PIRA Energy Group has said that oil balances remain in surplus with pressure peaking in April/May. When it comes to the US, last week’s data was impacted by fog and this week marine traffic has been halted. In Japan, crude runs continue to ease but crude stocks were lower.
- Oil balances remain in surplus with pressure peaking in April/May from rising crude stocks.
- Product stocks are more balanced but a growing overhand will unfold.
- The adjustment process to clear the Atlantic Basin crude surplus has been slow to unfold.
- Middle East producers remain keen to maintain Asian market share.
- Crude runs eased as maintenance gathered steam.

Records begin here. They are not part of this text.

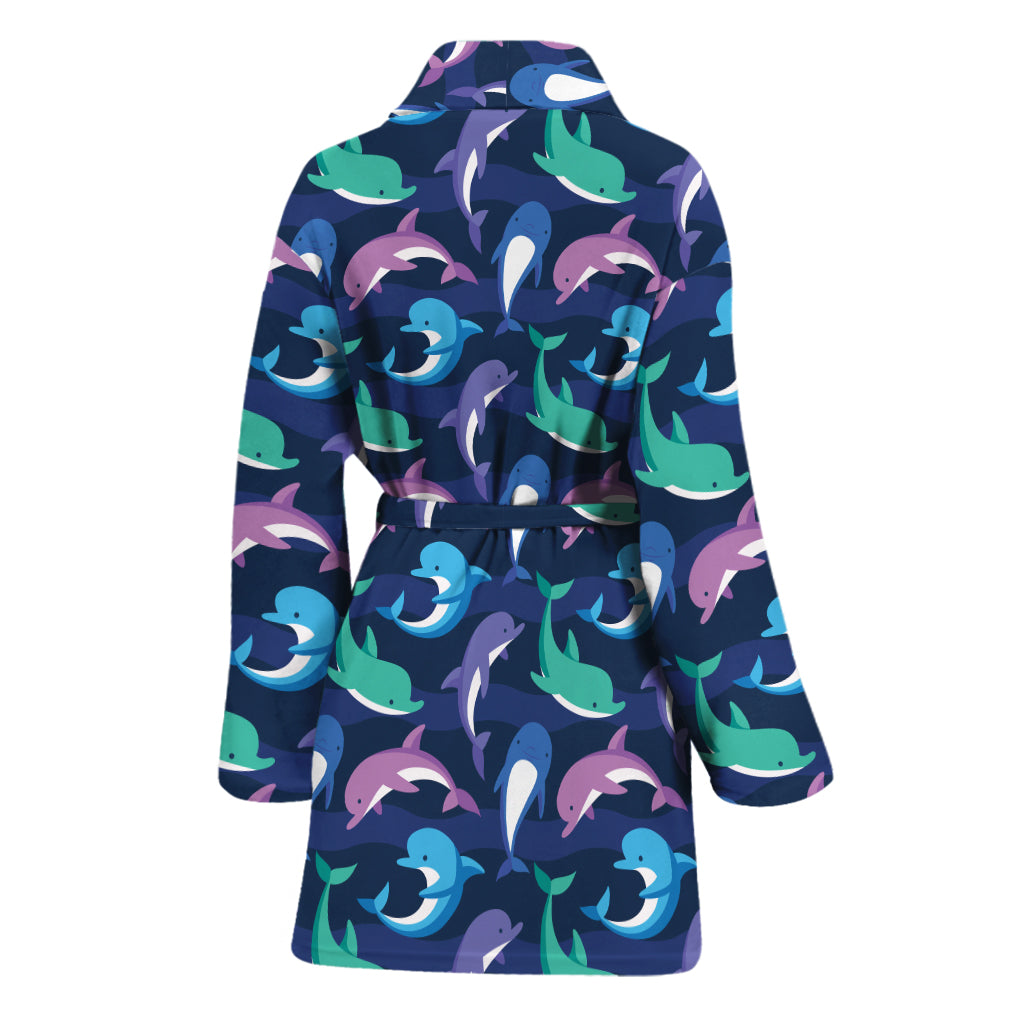 Colorful Dolphin Pattern Print Women's Bathrobe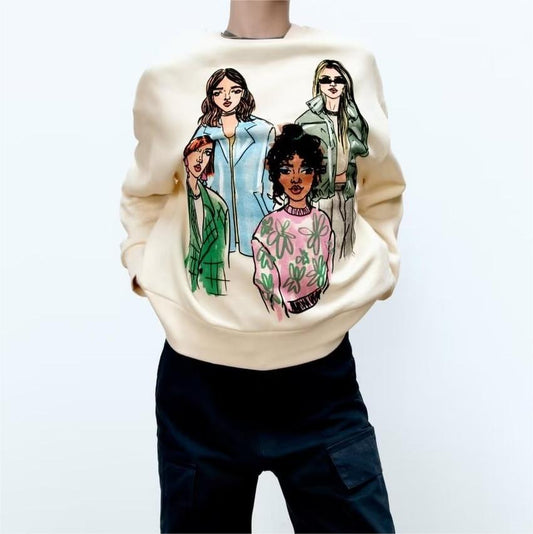 Madelief | Illustrated crew neck sweatshirt for women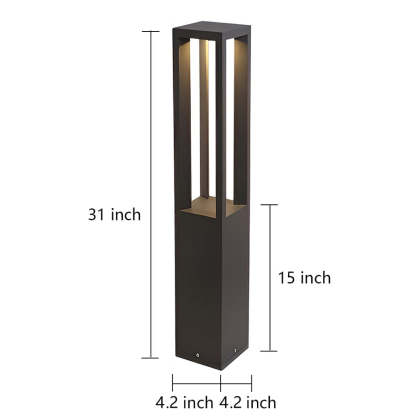 Black Aluminum Garden Bollard LED 7W 4-Beam Lighting-Lighom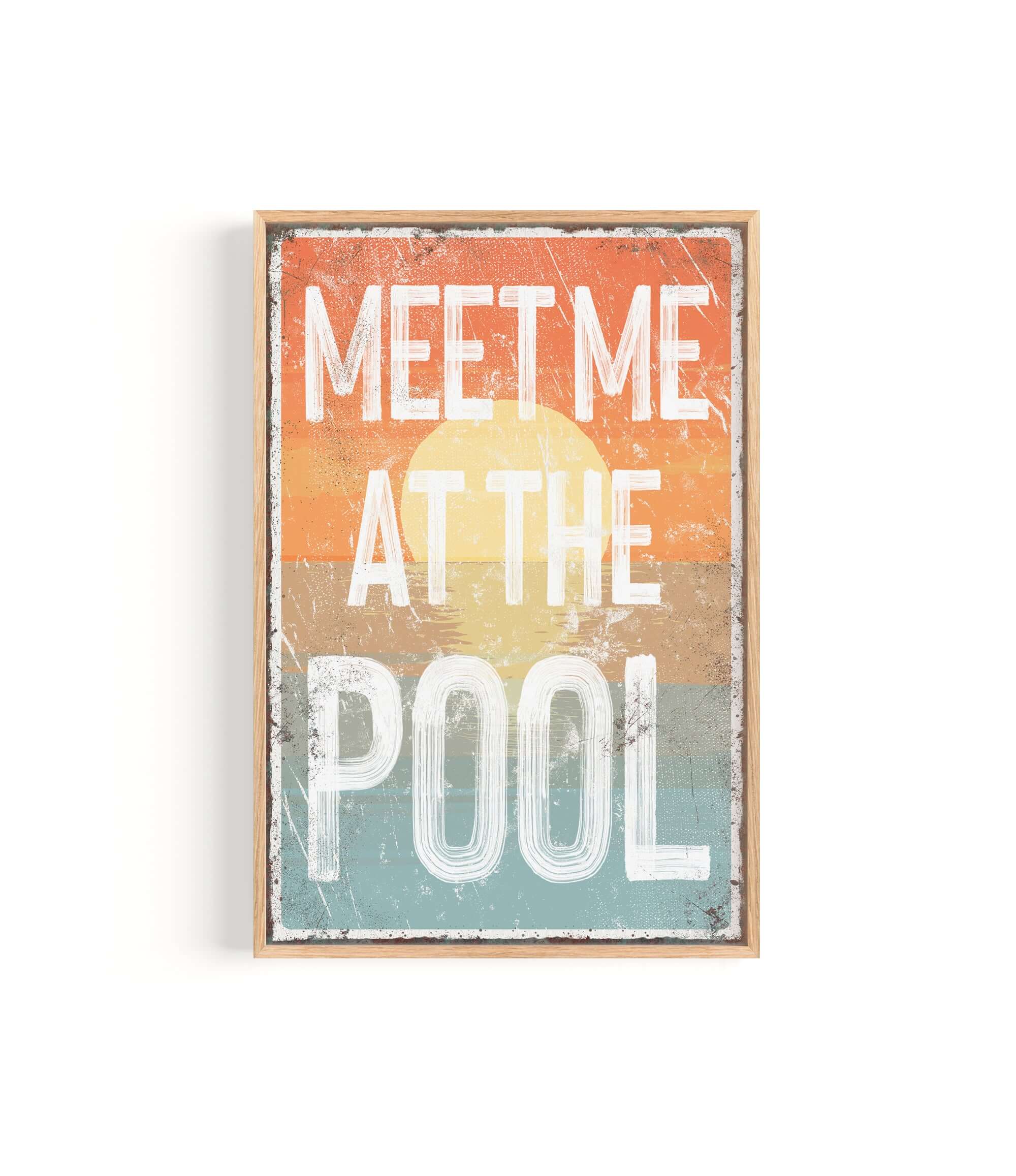 a sign that says meet me at the pool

- Crude stocks drew on a low import figures, while finished product stock built.
- All the major products built stocks slightly.
- The indicative refining margin remained strong.
- Gasoline and gasoil cracks firmed, thus offsetting declines in the fuel oil, naphtha and jet fuel cracks.
- Last week’s data was impacted by fog.
- This week marine traffic has been halted in the Houston Ship Channel due to a collision between a chemical tanker and a bulk carrier.
- Distillate demand has been weaker than generally expected.
- Light product imports will level off this year.
- New and returning refinery capacity in Brazil, Colombia and Ecuador will boost refinery runs covering demand growth.
- Net gasoline and diesel imports in those three countries will decline in 2015.